## WHAT YOU HAVE TO DO
Give the entries back exactly, dropping each image.

(AVAILABLE DATA begins)

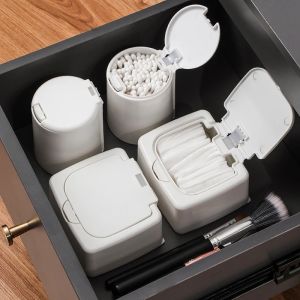 Japanese Button Type Cotton Swab Storage Box Drawer Small Objects Classification Storage Box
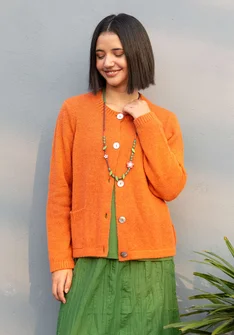 Cardigan knitted from an alpaca blend - burnt orange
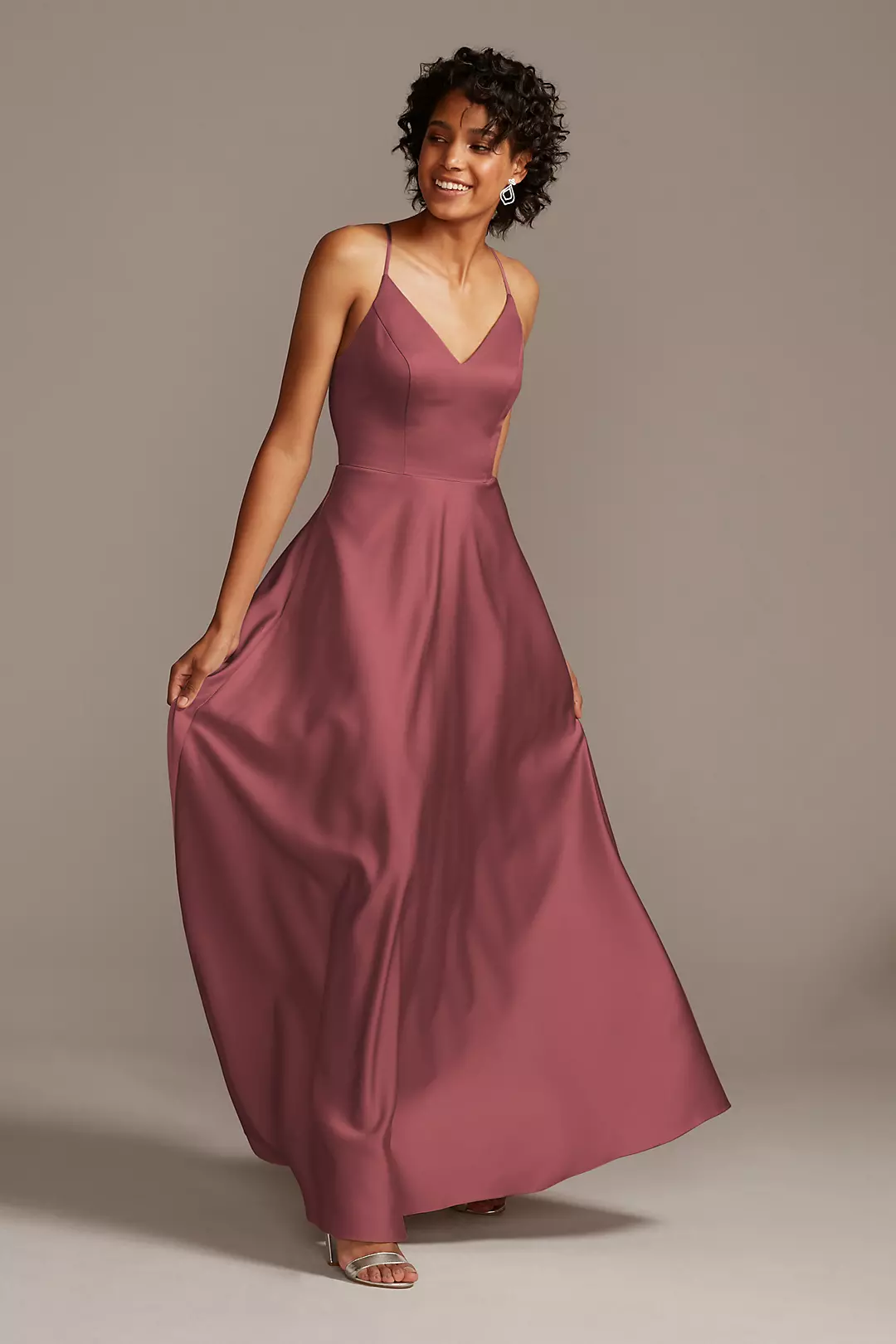 Spaghetti Strap Satin A-Line Long Bridesmaid Dress - Image 127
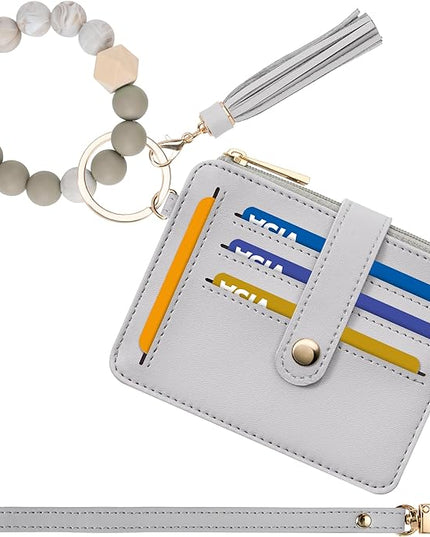 Keychain Wallet with Bracelet RFID Blocking Wristlet Credit Purse Card Holder, Silicone Bead Tassel Key Ring for Women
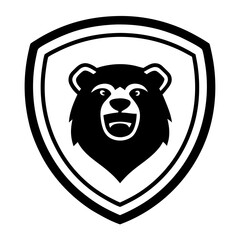 Grizzly with Shield Mascot Logo Bold and Powerful Animal Emblem for Branding and Sports Design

(AVAILABLE DATA ends)

## FINISHED TASK
 Japanese Button Type Cotton Swab Storage Box Drawer Small Objects Classification Storage Box
 Cardigan knitted from an alpaca blend - burnt orange
 Spaghetti Strap Satin A-Line Long Bridesmaid Dress - Image 127
 Keychain Wallet with Bracelet RFID Blocking Wristlet Credit Purse Card Holder, Silicone Bead Tassel Key Ring for Women
 Grizzly with Shield Mascot Logo Bold and Powerful Animal Emblem for Branding and Sports Design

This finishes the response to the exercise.